Thursday, January 13, 2011

Sloth

I hesitate to tell you what my "one thing to make the house better" was some days.  I don't know if I want to admit what a complete sloth I am.  I am a 300 pound woman (not complaining, I know how I got here) with two kids, an injured husband, and a stressful, but satisfying career.  I am tired after handling many of the "must-do" items in the day.  I don't want to excuse anything because I've come to terms with what it is.  The experiment is a way to combat inertia, to move a little forward.  Even an inch forward is better than status quo.  Yet, do I explain the extent of what I perceive to be laziness?  I acknowledge that I cannot be a "superwoman" and I cannot be perfect.  Yet, many other people with similar lifestyles are able to accomplish so much more on a daily basis.  I wonder how because I never learned the skills to do so.

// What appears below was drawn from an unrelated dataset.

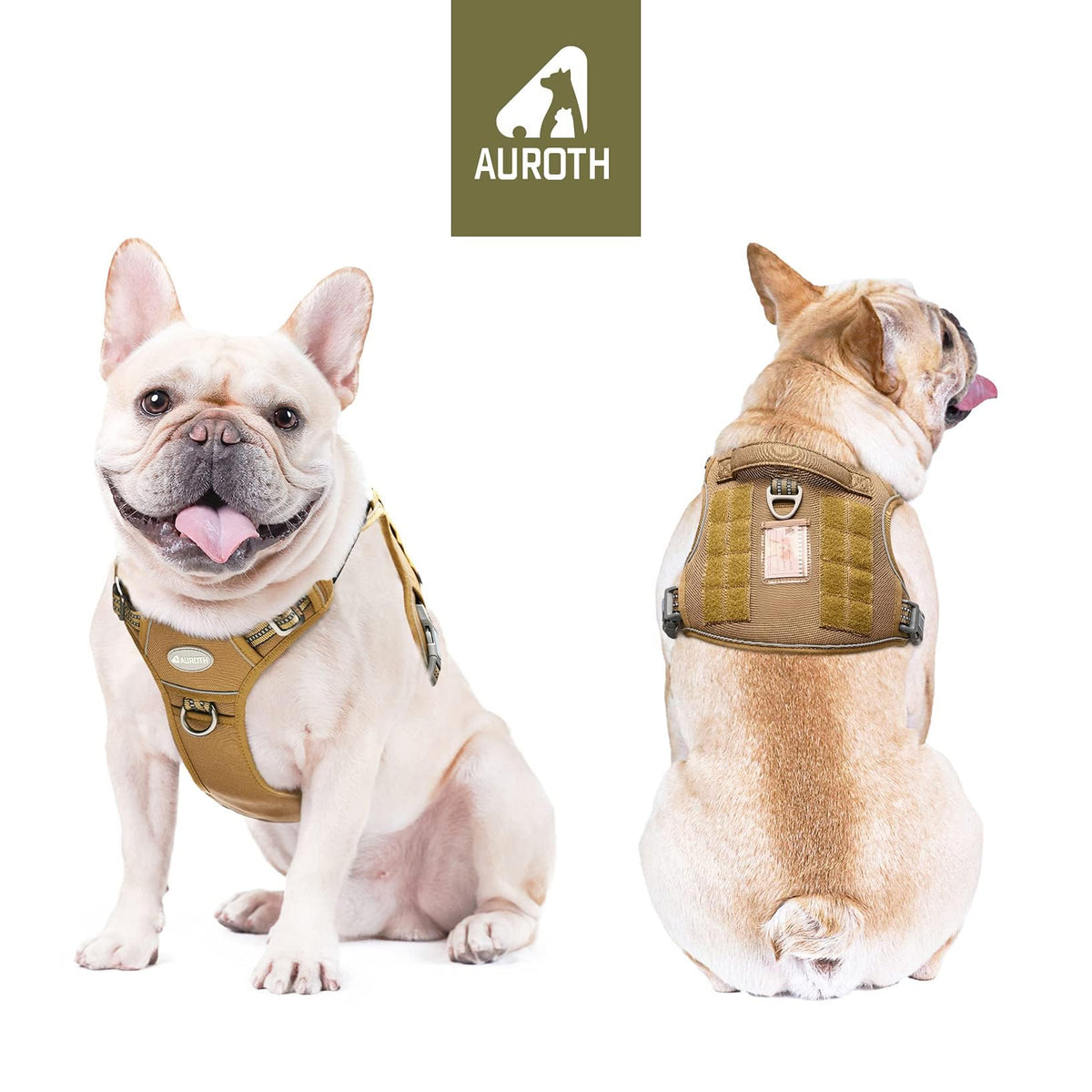 Dog Harness for Small Medium Dogs (Army yellow / S(Neck:14-21",Chest:20-31"),18-35 lbs)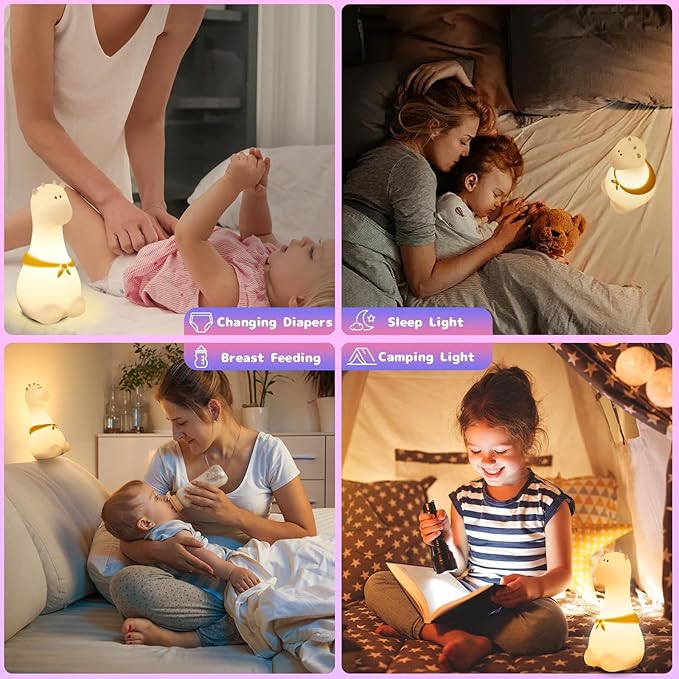 Silicone Night Light for Kids – Rechargeable Tap Control Lamp with 8 Colors, Cute Animal Design for Nursery, Toddler Room Decor, Gifts for Girls and Boys (Giraffe)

I respected my great-aunt, my grandmother's twin sister.  She kept a neat, clean house.  It was always presentable.  I tried to watch and learn, but nothing rubbed off.  I'm too similar to my grandmother, who hoarded gallon milk jugs in the basement "in case we need to fill them with water."  Or my mom, acting like a Queen and commanding us to fetch and carry for her so she didn't have to move.  I envy the side of the family that learned to put things in their places and to clean their bathrooms.  My great-aunt's kids and grandkids go over and clean her house for her on a regular basis since she is no longer capable - and they still keep their own homes clean.  It makes me feel somewhat less.

It is hard to admit that I lack in an area.  I yearn to excel at what I set my mind to.  "Keeping house" is something I fail at.  I don't handle failure well. 

So here I am, trying to decide how to explain the baby steps I'm taking to make the house better.  Steps that most people would consider part of their daily routines.  Nothing exceptional.  While I call them baby steps, they're more like giant leaps into an unknown world - where I'm still wondering if the effort is worth it.

The last couple days have been hard.  I have a huge project at work.  We haven't been sleeping because the kids (and now the rest of the household) have been sick.  I'm feverish.  Not contributors to extra activity.  But I did it.  Here's what I did:  I put away laundry. 

Yep.  That's it.  I put my basket of clean clothes either on hangars in the closet or in my dresser drawers.  I also began tackling the big pile of clothes in my closet.  I have a pile of socks in the middle of my bedroom floor.  I have another pile of towels and washcloths now.  That's progress.  It's better than the big, giant pile of everything that made it too difficult to enter the walk-in closet.  How sad is that.  But it's progress.  And someday, maybe, I'll be the one whose house is envied (and it won't be because I took a day off work to get it ready for whatever party).